PROMPT – Output, exactly and with no pictures, the line that contains "Naturys MATT SOLUTION" and every line that comes after it in the data below, the last one included.

Excerpts from a dataset –
_ _ _ _
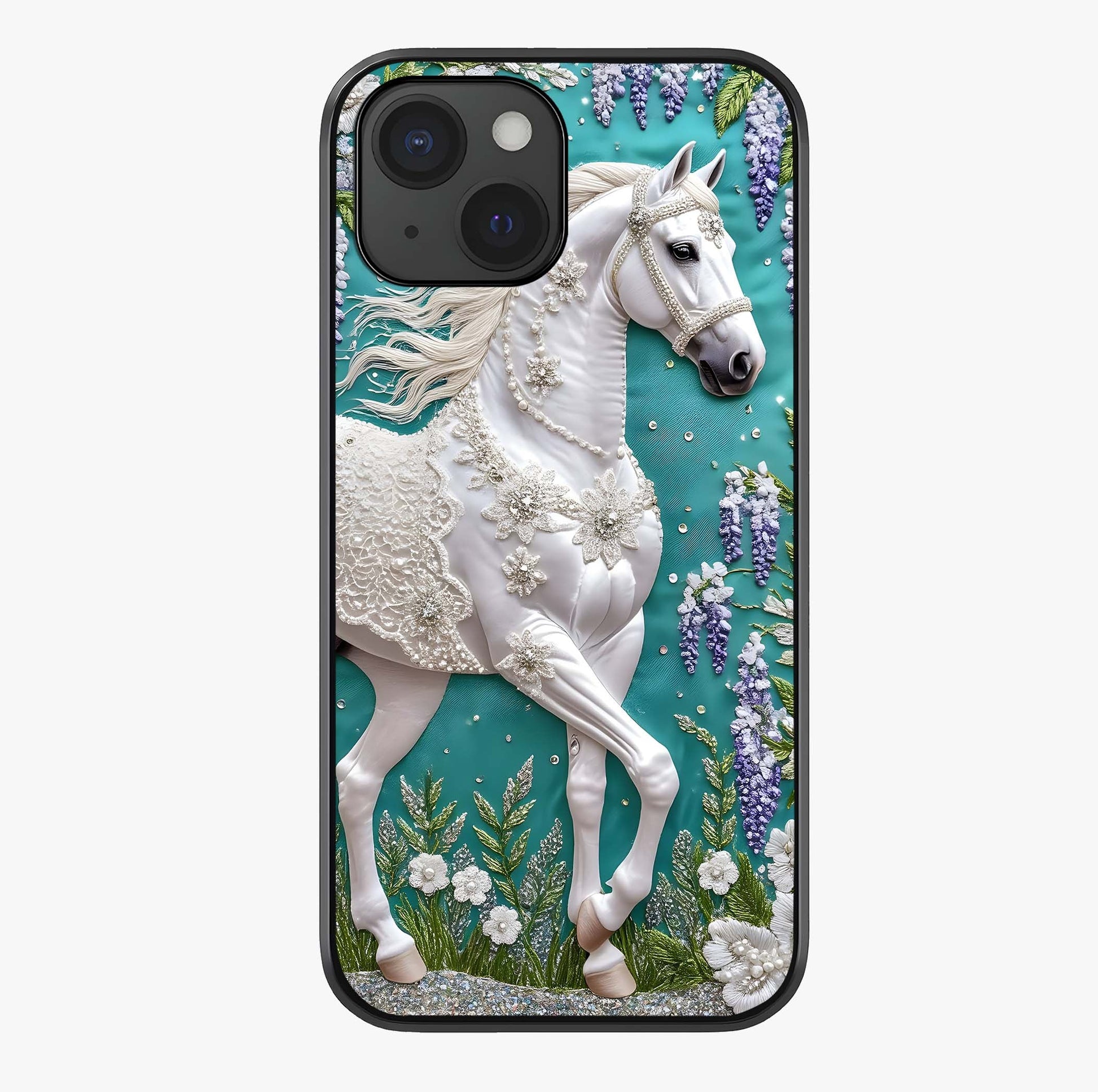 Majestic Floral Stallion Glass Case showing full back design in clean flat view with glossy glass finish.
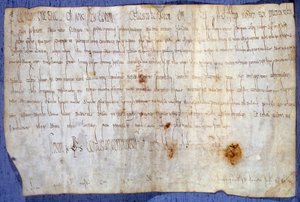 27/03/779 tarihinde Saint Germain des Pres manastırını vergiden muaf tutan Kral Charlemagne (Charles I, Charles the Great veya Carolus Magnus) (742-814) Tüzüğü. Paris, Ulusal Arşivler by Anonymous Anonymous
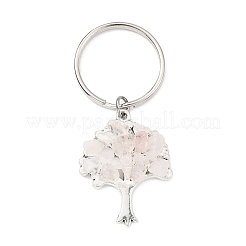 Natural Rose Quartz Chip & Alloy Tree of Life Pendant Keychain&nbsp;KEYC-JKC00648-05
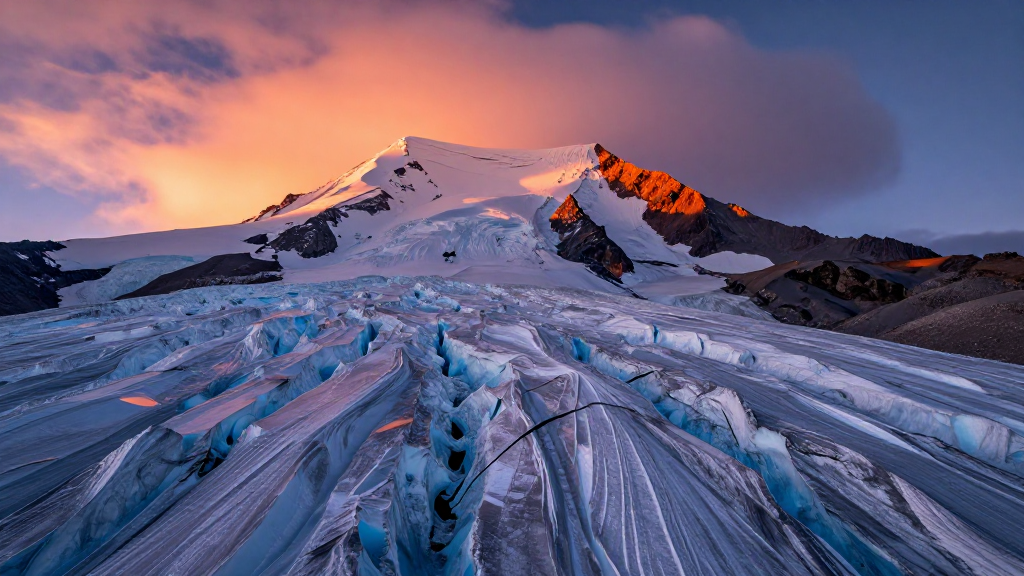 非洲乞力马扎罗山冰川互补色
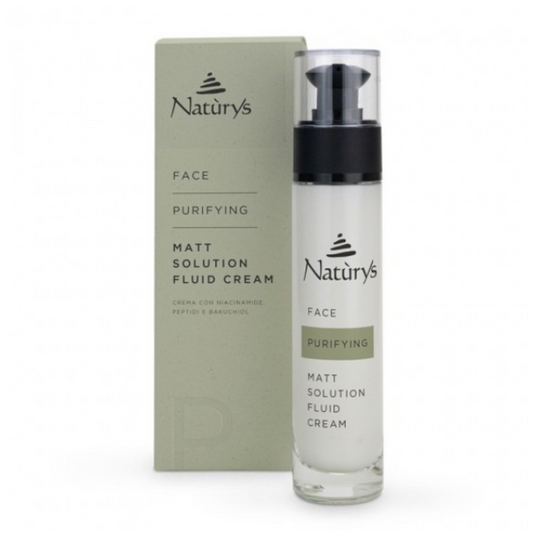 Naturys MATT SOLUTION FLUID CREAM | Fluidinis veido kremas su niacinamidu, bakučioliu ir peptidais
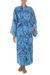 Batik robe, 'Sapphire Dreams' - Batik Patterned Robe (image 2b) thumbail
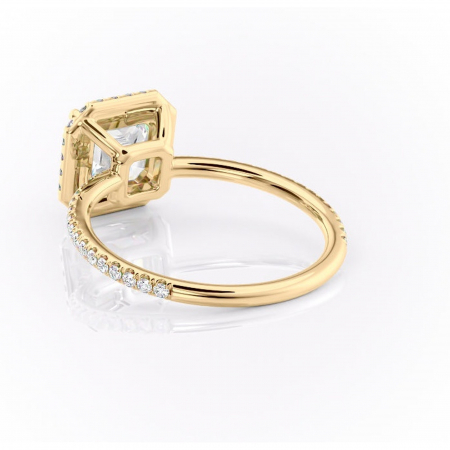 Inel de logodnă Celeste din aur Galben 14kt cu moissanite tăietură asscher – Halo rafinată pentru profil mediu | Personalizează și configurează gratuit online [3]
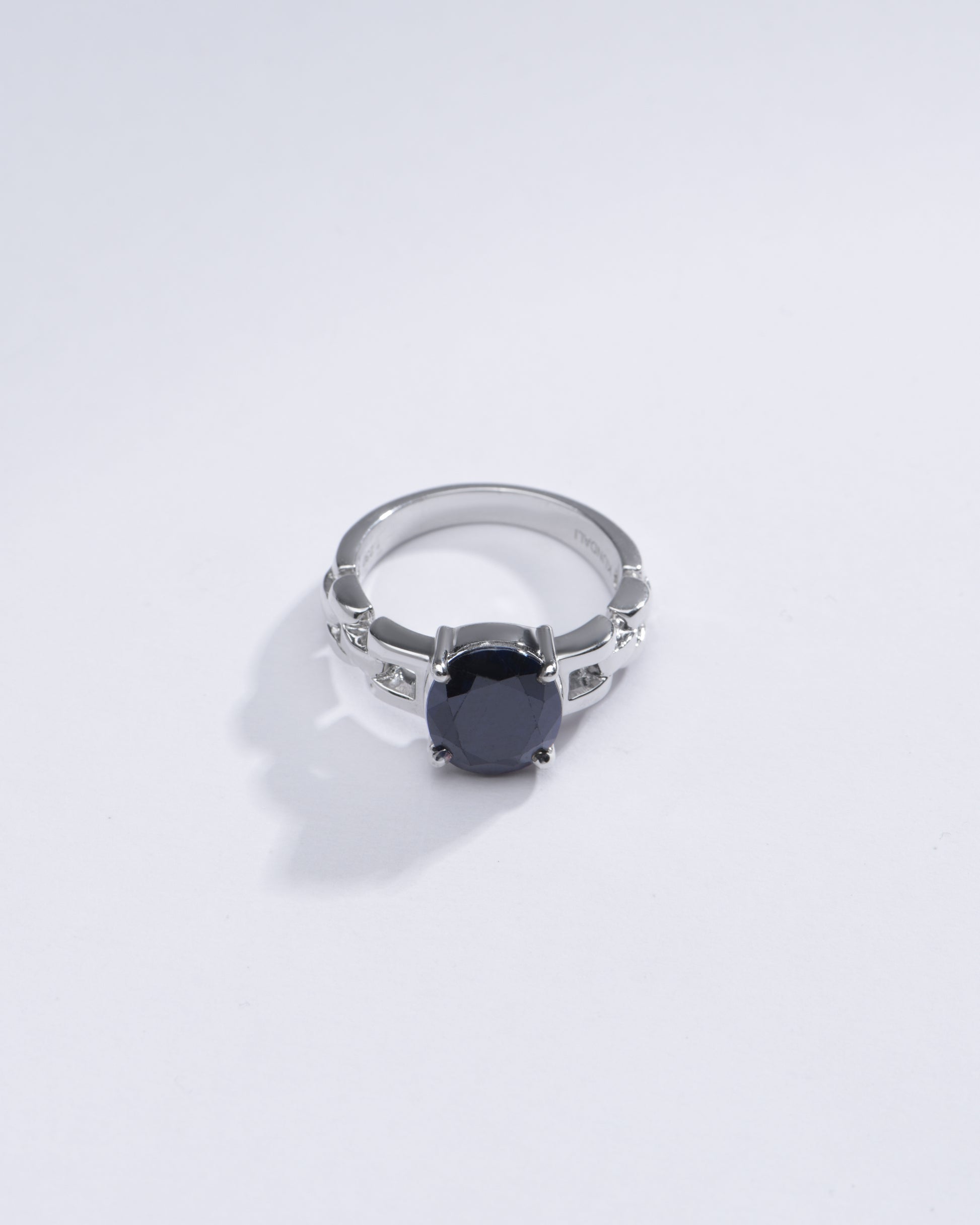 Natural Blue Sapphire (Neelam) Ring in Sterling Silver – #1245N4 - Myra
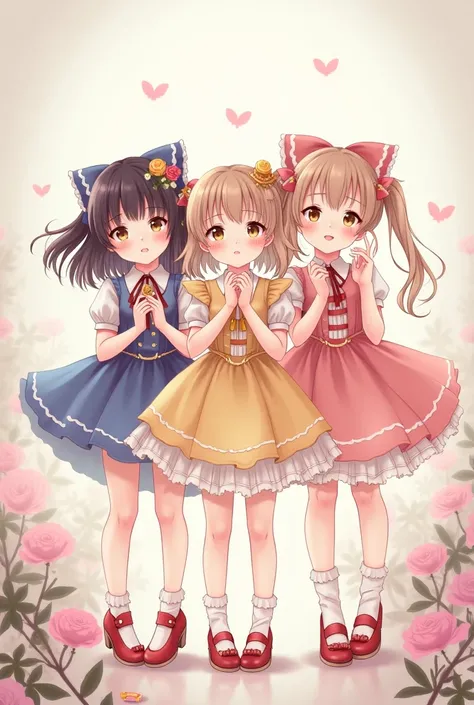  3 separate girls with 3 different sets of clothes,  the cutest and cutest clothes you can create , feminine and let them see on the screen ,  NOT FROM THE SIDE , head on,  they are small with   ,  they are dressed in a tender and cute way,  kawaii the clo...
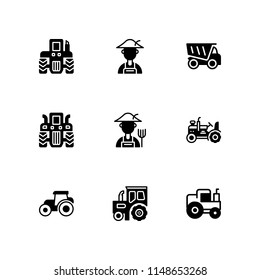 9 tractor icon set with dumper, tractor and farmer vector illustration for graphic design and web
_ _ _ _
ANSWER SPACE –
 Naturys MATT SOLUTION FLUID CREAM | Fluidinis veido kremas su niacinamidu, bakučioliu ir peptidais
 Batik robe, 'Sapphire Dreams' - Batik Patterned Robe (image 2b) thumbail
 Inel de logodnă Celeste din aur Galben 14kt cu moissanite tăietură asscher – Halo rafinată pentru profil mediu | Personalizează și configurează gratuit online [3]
 Natural Blue Sapphire (Neelam) Ring in Sterling Silver – #1245N4 - Myra
  3 separate girls with 3 different sets of clothes,  the cutest and cutest clothes you can create , feminine and let them see on the screen ,  NOT FROM THE SIDE , head on,  they are small with   ,  they are dressed in a tender and cute way,  kawaii the clo...
 9 tractor icon set with dumper, tractor and farmer vector illustration for graphic design and web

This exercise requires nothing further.